# Task item:
From top to bottom, retype the data exactly, passing over any picture.

# Provided material:
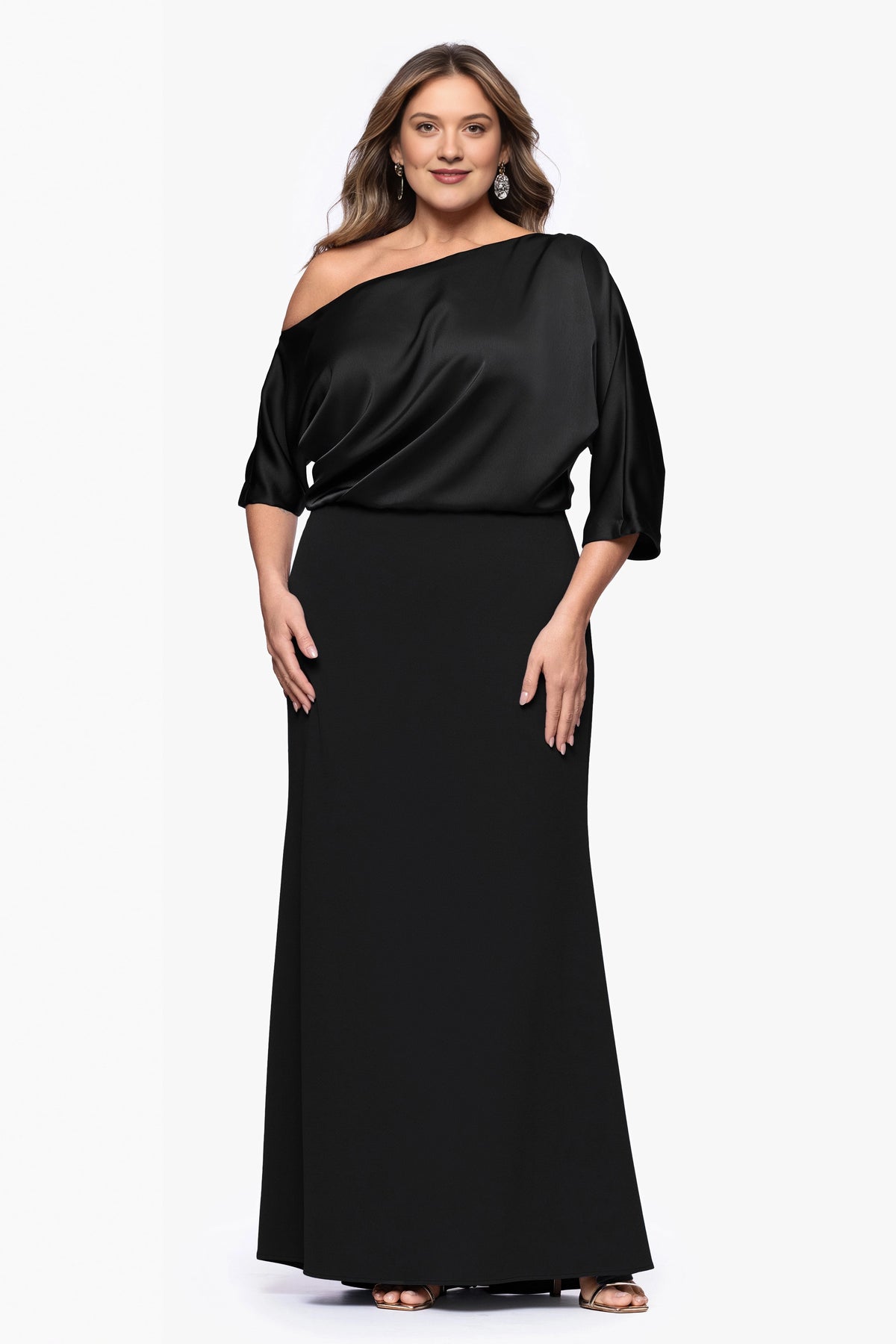 Plus Size Elegant Sheath Asymmetric Neck Draped Sleeve Maxi Mother of the Bride Dress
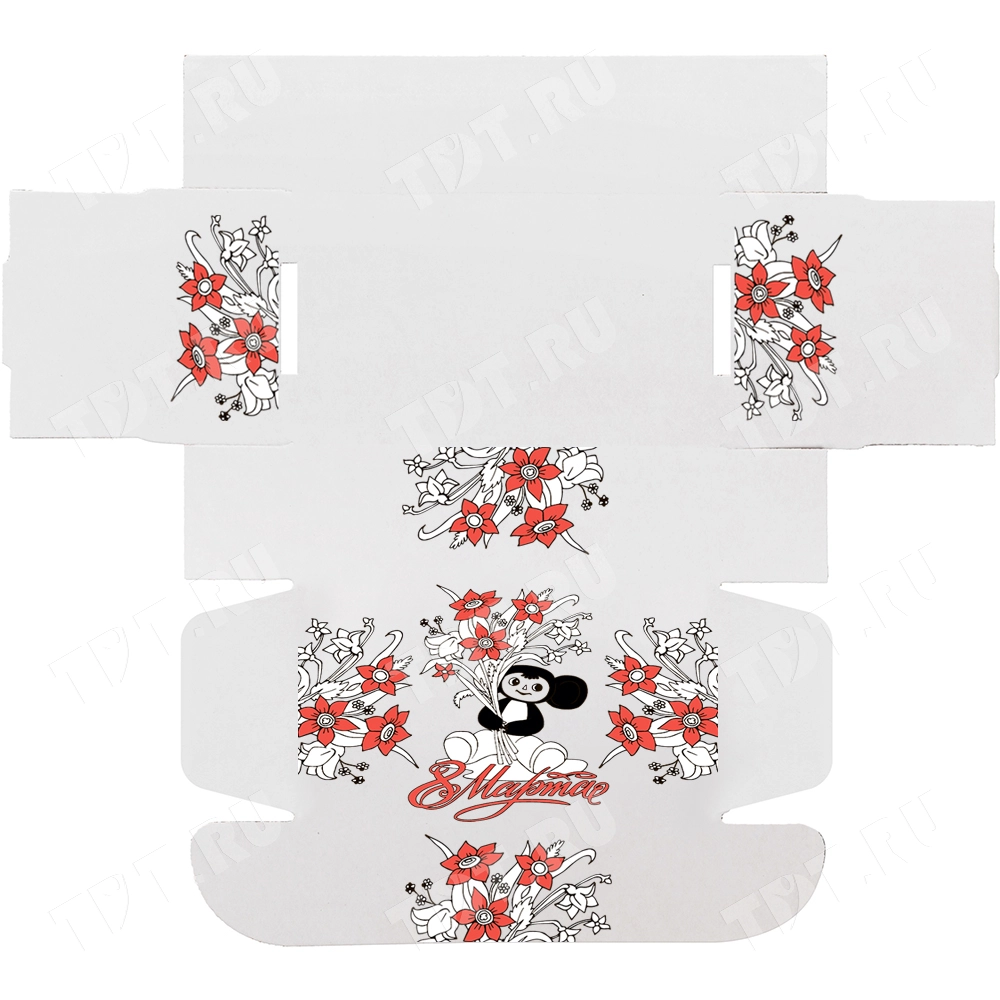 Подарочная коробка «С 8 Марта! - Чебурашка», беленая, 216*175*106 мм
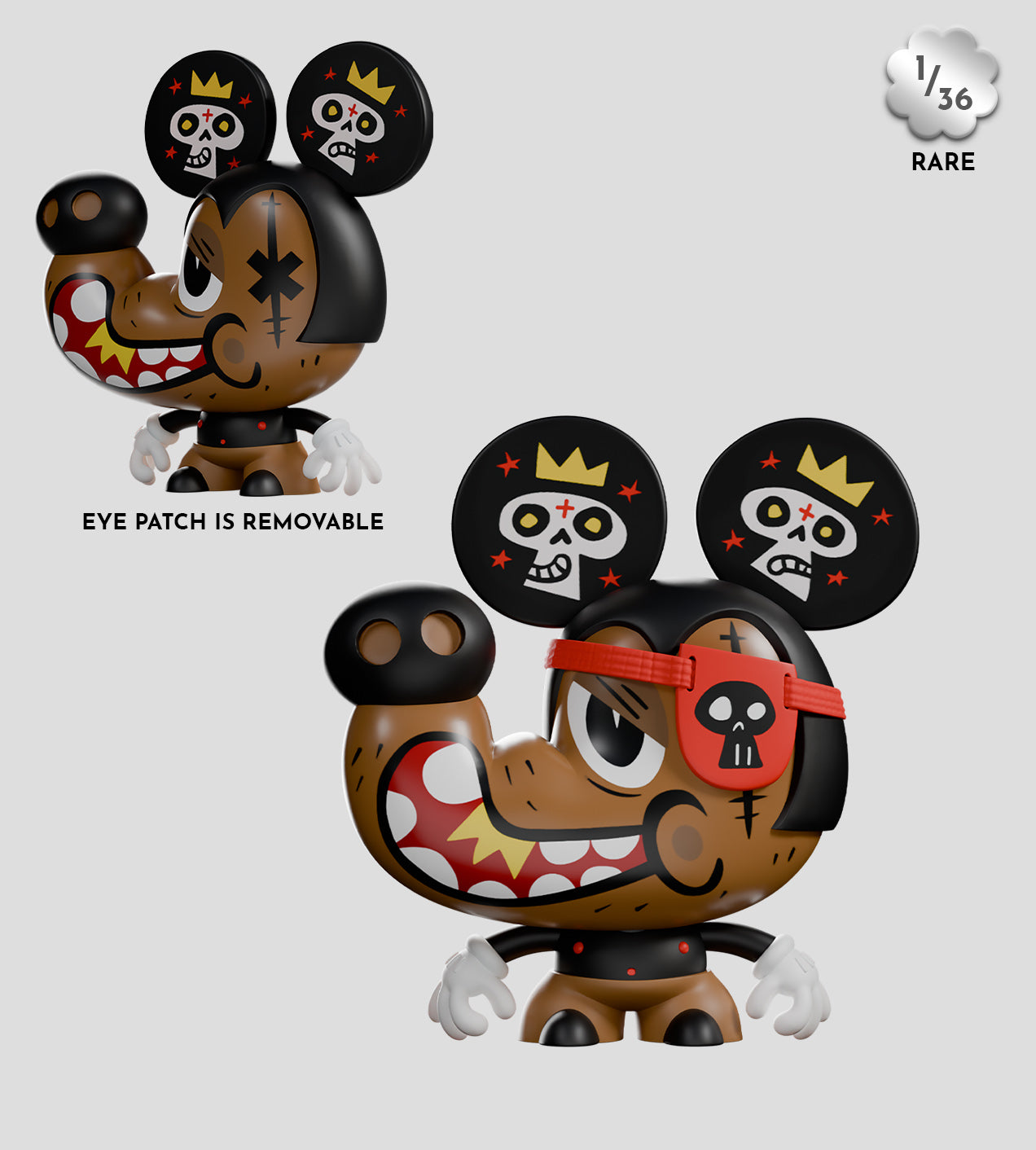 Super Machitos Blind Box: Rare vinyl art toy, mouse-like figure with pirate-skeleton theme, crowned skull ears, removable eye patch, limited edition of 36.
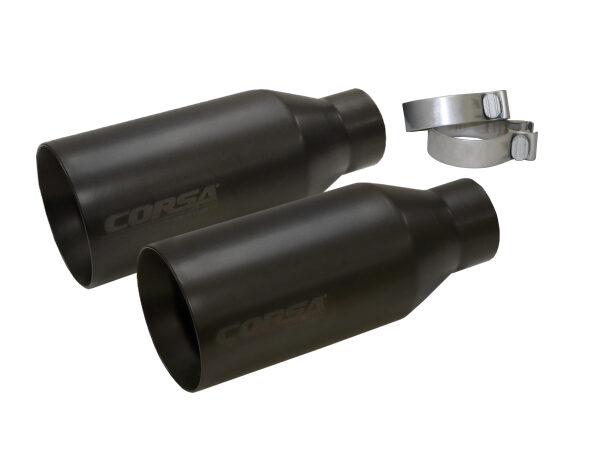 Corsa 2017-2020 Ford F-150 Raptor 3in Inlet / 5in Outlet Black Cerakote Tip Kit (For Corsa Exh Only)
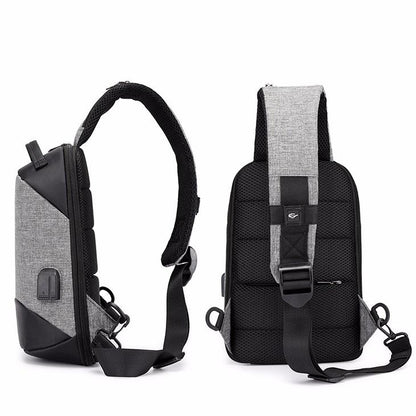 Versatile Oxford Shoulder Bag With Earphone & Usb - Gray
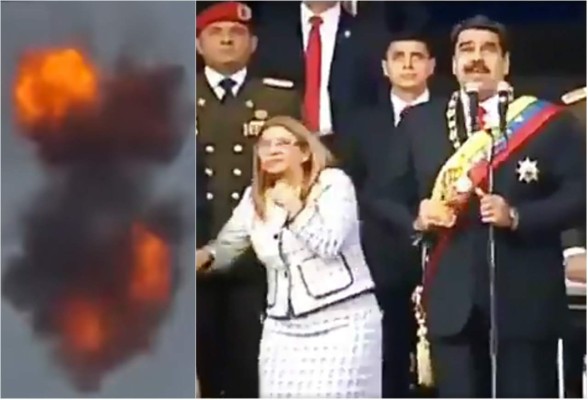 Video muestra explosión de dron en supuesto atentado contra Maduro
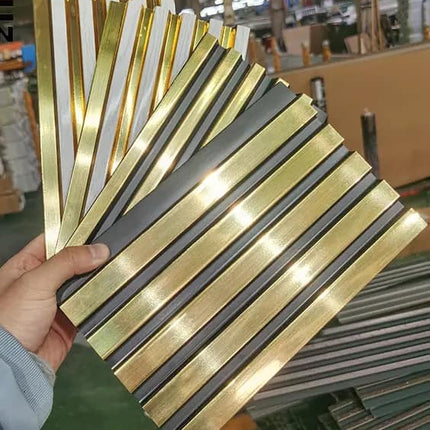 PVC Striped 3D Wall Panel Luxury Style Gold White and Black Gold Indoor Interior Decors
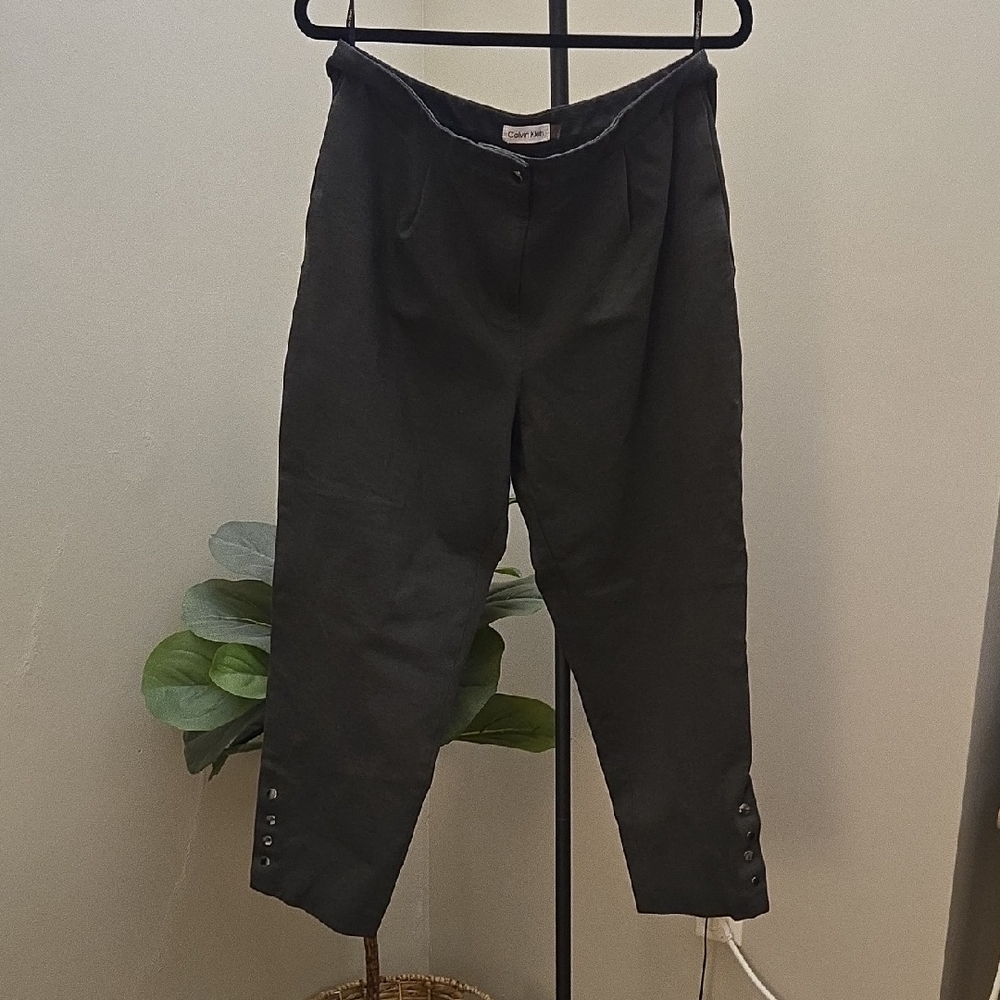 Classic Charcoal Gray Women's Pants Trousers Casual Office Or Business Wear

# Solution to this problem:
 Plus Size Elegant Sheath Asymmetric Neck Draped Sleeve Maxi Mother of the Bride Dress
 Подарочная коробка «С 8 Марта! - Чебурашка», беленая, 216*175*106 мм
 Super Machitos Blind Box: Rare vinyl art toy, mouse-like figure with pirate-skeleton theme, crowned skull ears, removable eye patch, limited edition of 36.
 Corsa 2017-2020 Ford F-150 Raptor 3in Inlet / 5in Outlet Black Cerakote Tip Kit (For Corsa Exh Only)
 Versatile Oxford Shoulder Bag With Earphone & Usb - Gray
 Video muestra explosión de dron en supuesto atentado contra Maduro
 PVC Striped 3D Wall Panel Luxury Style Gold White and Black Gold Indoor Interior Decors
 Classic Charcoal Gray Women's Pants Trousers Casual Office Or Business Wear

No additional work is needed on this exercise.